Brief descriptive captions:
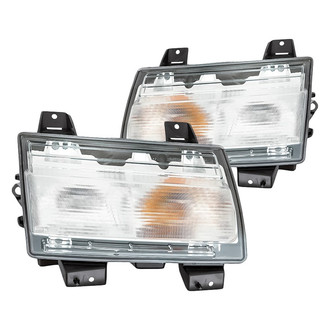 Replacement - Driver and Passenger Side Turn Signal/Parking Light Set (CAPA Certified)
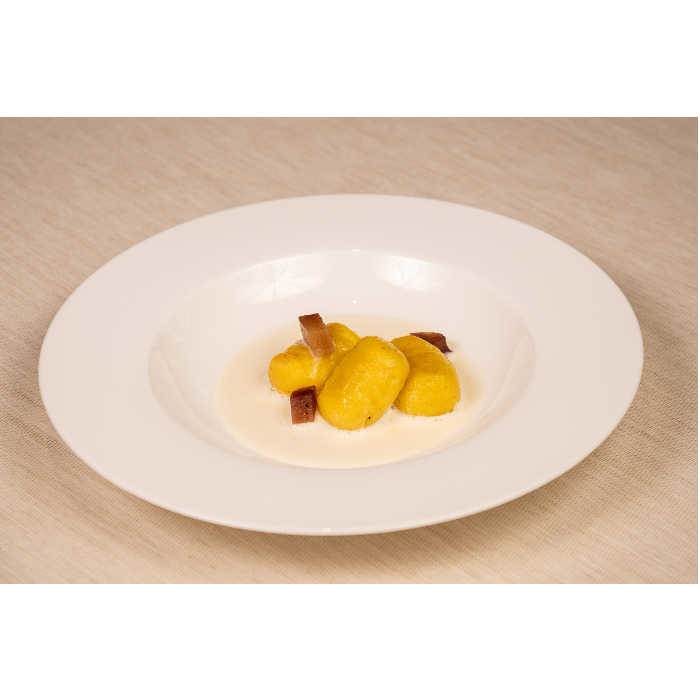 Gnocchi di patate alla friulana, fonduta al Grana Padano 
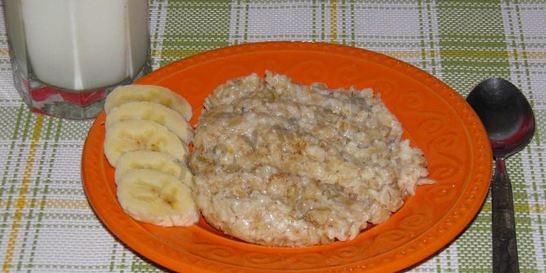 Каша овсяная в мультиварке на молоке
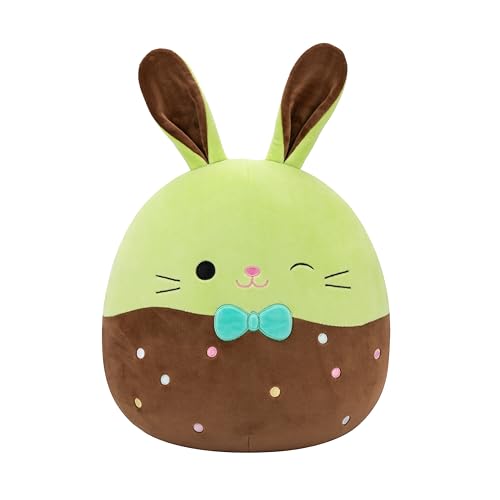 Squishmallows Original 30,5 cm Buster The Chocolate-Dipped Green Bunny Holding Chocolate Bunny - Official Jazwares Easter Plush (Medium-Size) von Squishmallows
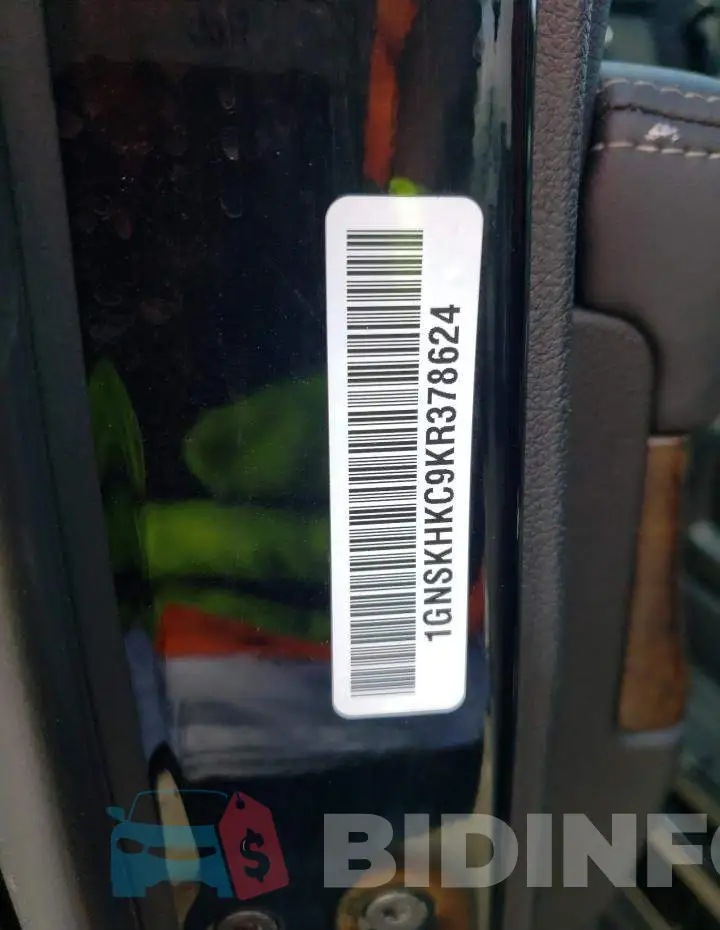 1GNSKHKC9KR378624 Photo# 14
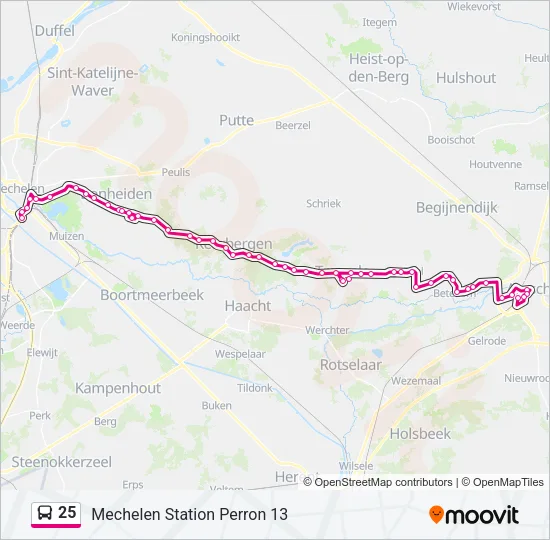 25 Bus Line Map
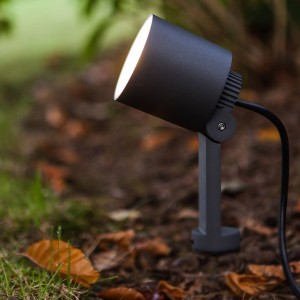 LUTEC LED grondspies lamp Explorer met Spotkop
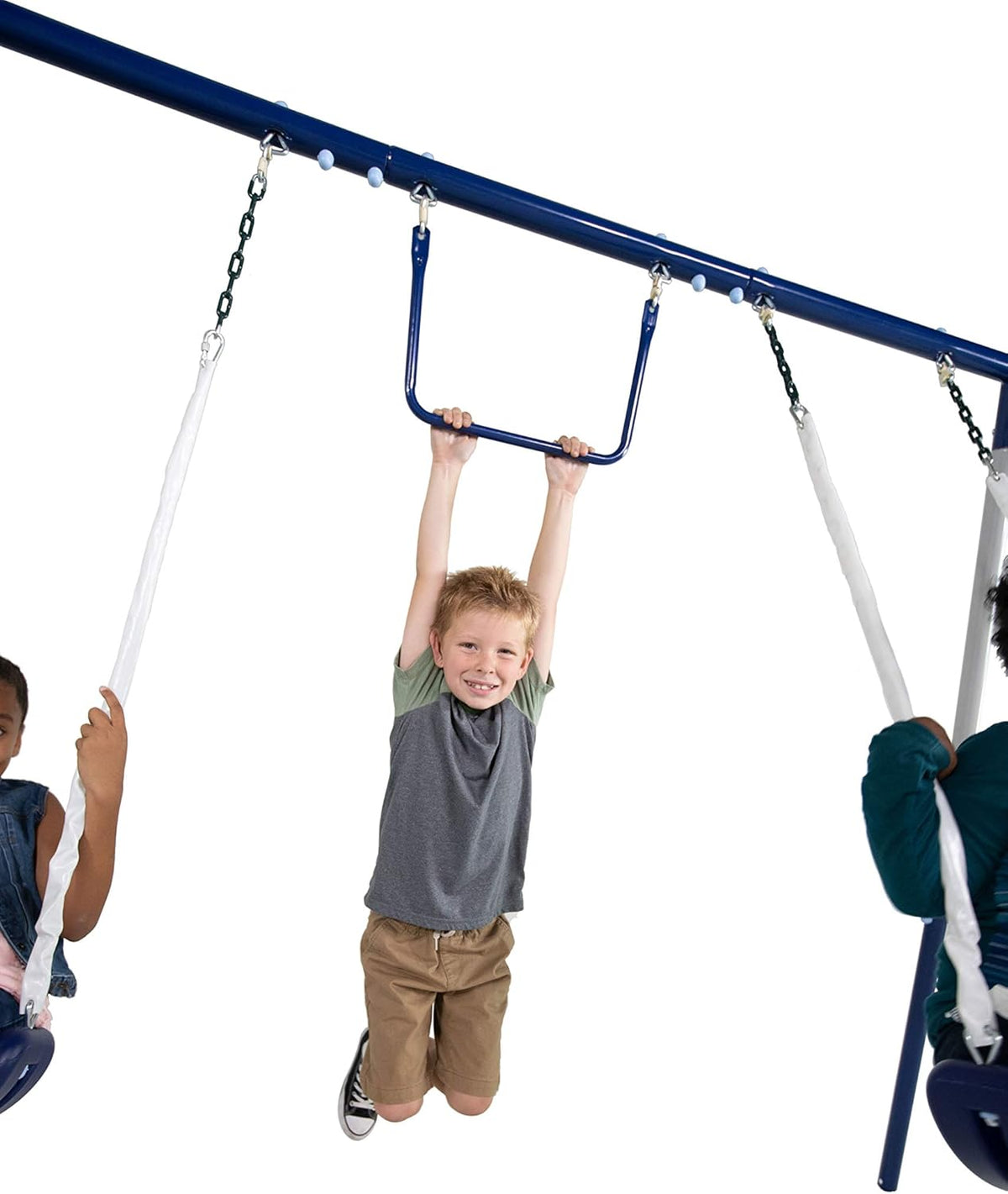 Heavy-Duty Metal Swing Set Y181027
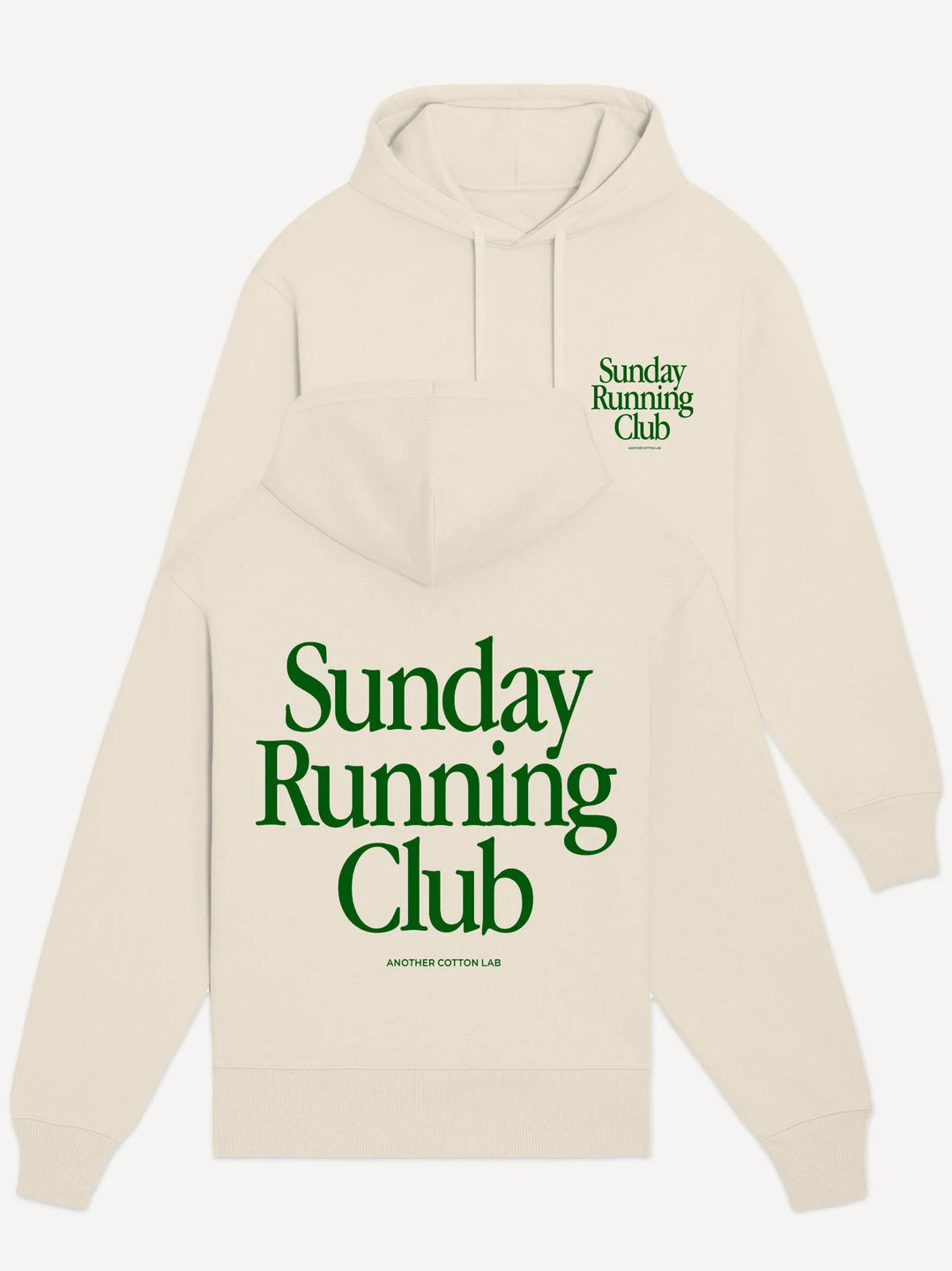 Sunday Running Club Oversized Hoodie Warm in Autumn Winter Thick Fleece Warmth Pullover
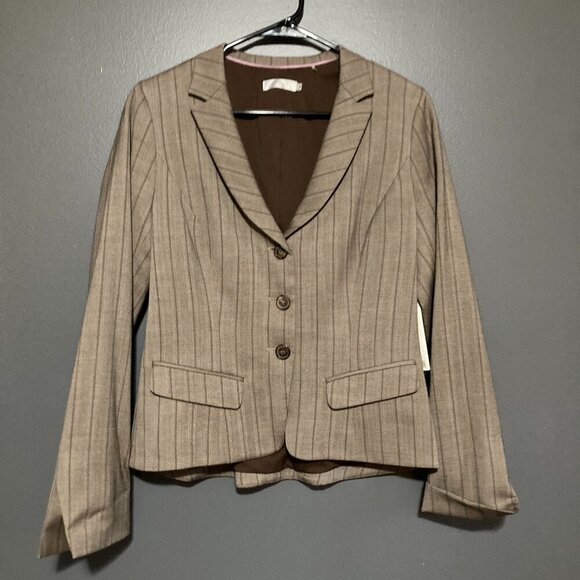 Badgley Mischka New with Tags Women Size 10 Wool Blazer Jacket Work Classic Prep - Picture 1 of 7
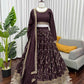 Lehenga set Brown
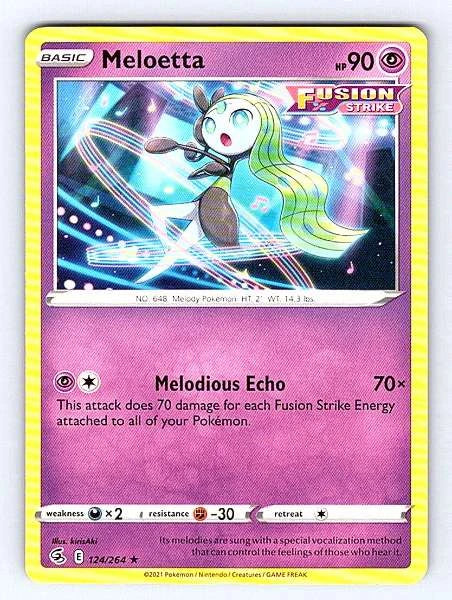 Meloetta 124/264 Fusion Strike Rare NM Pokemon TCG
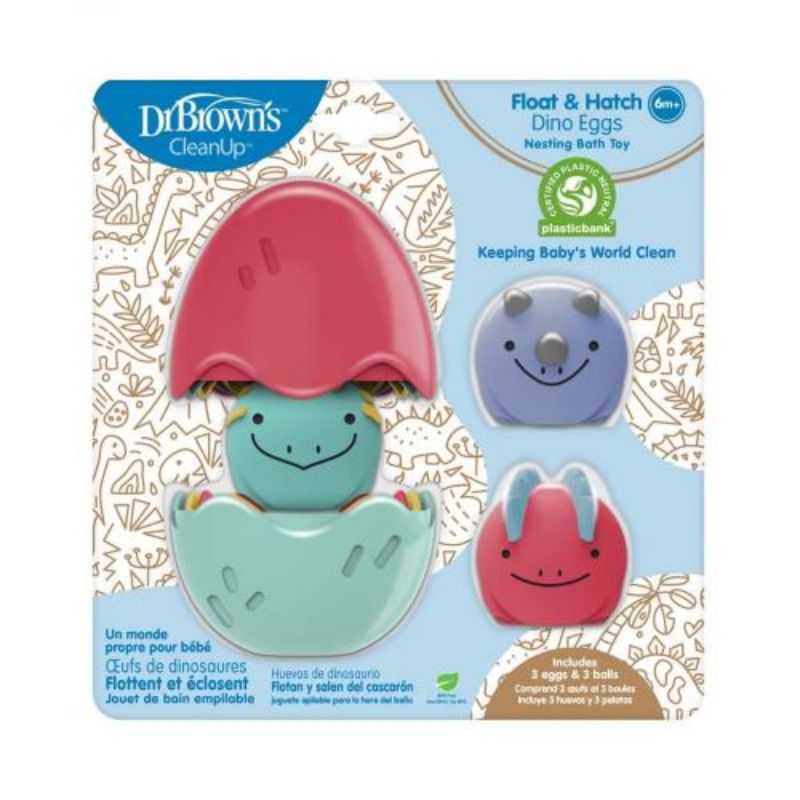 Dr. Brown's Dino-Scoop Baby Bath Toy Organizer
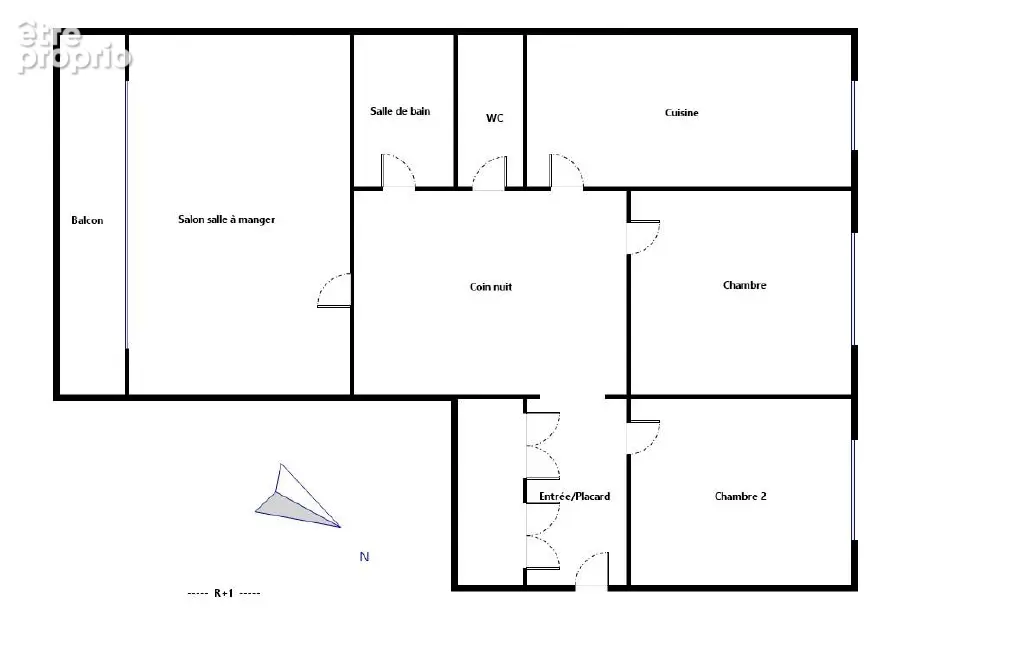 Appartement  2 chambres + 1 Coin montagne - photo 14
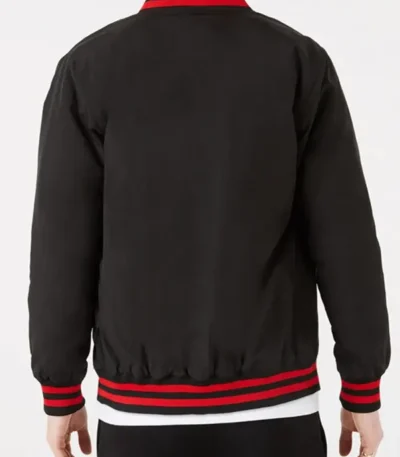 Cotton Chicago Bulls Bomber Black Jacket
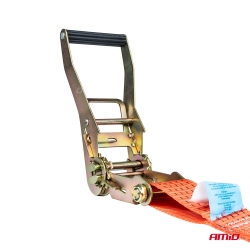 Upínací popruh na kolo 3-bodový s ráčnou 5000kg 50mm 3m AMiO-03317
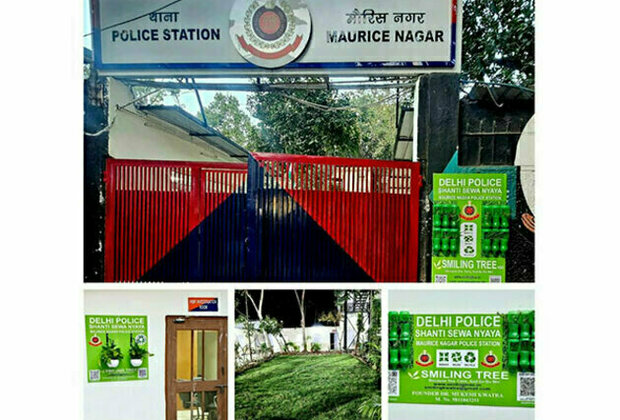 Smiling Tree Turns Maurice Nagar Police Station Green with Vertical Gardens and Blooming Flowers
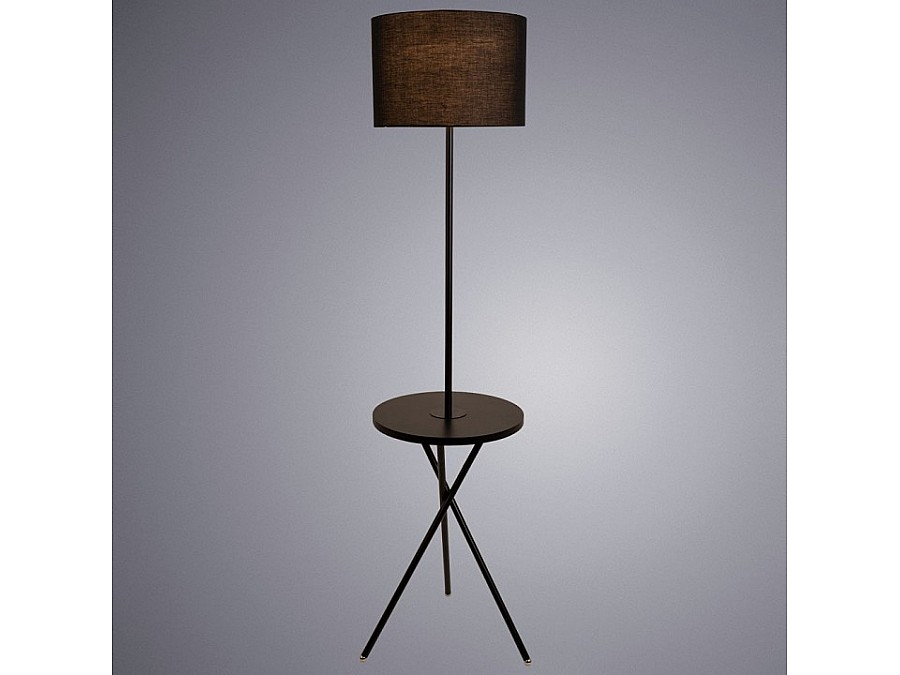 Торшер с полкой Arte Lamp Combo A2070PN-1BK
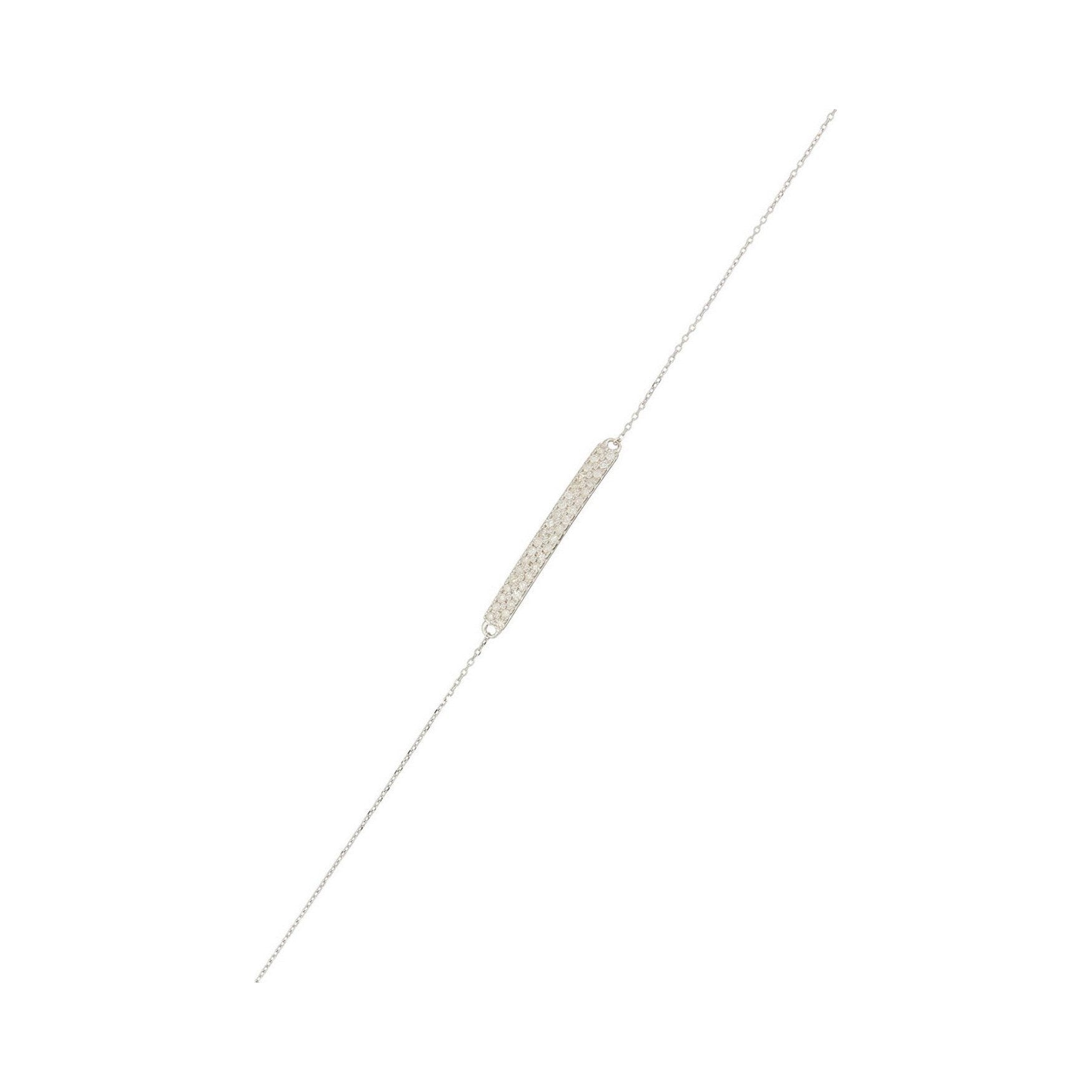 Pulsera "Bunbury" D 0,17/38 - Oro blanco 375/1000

| Instructions for the task |
Repeat the data exactly, without the pictures.

| Problem solution |
 Replacement - Driver and Passenger Side Turn Signal/Parking Light Set (CAPA Certified)
 Gnocchi di patate alla friulana, fonduta al Grana Padano 
 Каша овсяная в мультиварке на молоке
 Squishmallows Original 30,5 cm Buster The Chocolate-Dipped Green Bunny Holding Chocolate Bunny - Official Jazwares Easter Plush (Medium-Size) von Squishmallows
 1GNSKHKC9KR378624 Photo# 14
 25 Bus Line Map
 LUTEC LED grondspies lamp Explorer met Spotkop
 Heavy-Duty Metal Swing Set Y181027
 Sunday Running Club Oversized Hoodie Warm in Autumn Winter Thick Fleece Warmth Pullover
 Badgley Mischka New with Tags Women Size 10 Wool Blazer Jacket Work Classic Prep - Picture 1 of 7
 Lehenga set Brown
 Meloetta 124/264 Fusion Strike Rare NM Pokemon TCG
 Dr. Brown's Dino-Scoop Baby Bath Toy Organizer
 Appartement  2 chambres + 1 Coin montagne - photo 14
 Cotton Chicago Bulls Bomber Black Jacket
 Upínací popruh na kolo 3-bodový s ráčnou 5000kg 50mm 3m AMiO-03317
 Smiling Tree Turns Maurice Nagar Police Station Green with Vertical Gardens and Blooming Flowers
 Торшер с полкой Arte Lamp Combo A2070PN-1BK
 Pulsera "Bunbury" D 0,17/38 - Oro blanco 375/1000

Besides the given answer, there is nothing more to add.